▼

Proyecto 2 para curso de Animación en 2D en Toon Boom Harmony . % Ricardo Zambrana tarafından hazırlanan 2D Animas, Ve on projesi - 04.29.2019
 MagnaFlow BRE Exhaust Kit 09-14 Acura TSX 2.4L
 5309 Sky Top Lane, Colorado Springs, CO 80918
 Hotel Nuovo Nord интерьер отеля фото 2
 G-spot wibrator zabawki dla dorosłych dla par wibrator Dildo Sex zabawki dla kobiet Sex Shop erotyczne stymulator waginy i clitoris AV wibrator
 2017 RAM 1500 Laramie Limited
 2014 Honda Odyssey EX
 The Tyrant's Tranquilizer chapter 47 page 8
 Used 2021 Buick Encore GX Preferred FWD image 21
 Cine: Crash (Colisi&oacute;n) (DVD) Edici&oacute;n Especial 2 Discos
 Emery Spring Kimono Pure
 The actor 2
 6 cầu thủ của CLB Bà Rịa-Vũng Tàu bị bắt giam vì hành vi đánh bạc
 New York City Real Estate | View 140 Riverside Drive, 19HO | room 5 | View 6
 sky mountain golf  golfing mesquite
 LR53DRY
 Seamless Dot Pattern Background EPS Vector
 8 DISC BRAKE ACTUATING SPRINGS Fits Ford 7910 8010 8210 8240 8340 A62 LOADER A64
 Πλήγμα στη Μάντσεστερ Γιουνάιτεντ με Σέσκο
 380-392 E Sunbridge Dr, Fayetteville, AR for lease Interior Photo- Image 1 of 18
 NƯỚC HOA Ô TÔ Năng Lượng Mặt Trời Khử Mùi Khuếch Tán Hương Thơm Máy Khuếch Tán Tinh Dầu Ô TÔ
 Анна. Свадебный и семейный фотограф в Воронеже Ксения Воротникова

▲

## GOAL OF THE EXERCISE
Reproduce word for word the material above, starting with the line that has "Emery Spring Kimono Pure" and stopping after the line that has "Seamless Dot Pattern Background EPS Vector".

## YOUR RESPONSE
 Emery Spring Kimono Pure
 The actor 2
 6 cầu thủ của CLB Bà Rịa-Vũng Tàu bị bắt giam vì hành vi đánh bạc
 New York City Real Estate | View 140 Riverside Drive, 19HO | room 5 | View 6
 sky mountain golf  golfing mesquite
 LR53DRY
 Seamless Dot Pattern Background EPS Vector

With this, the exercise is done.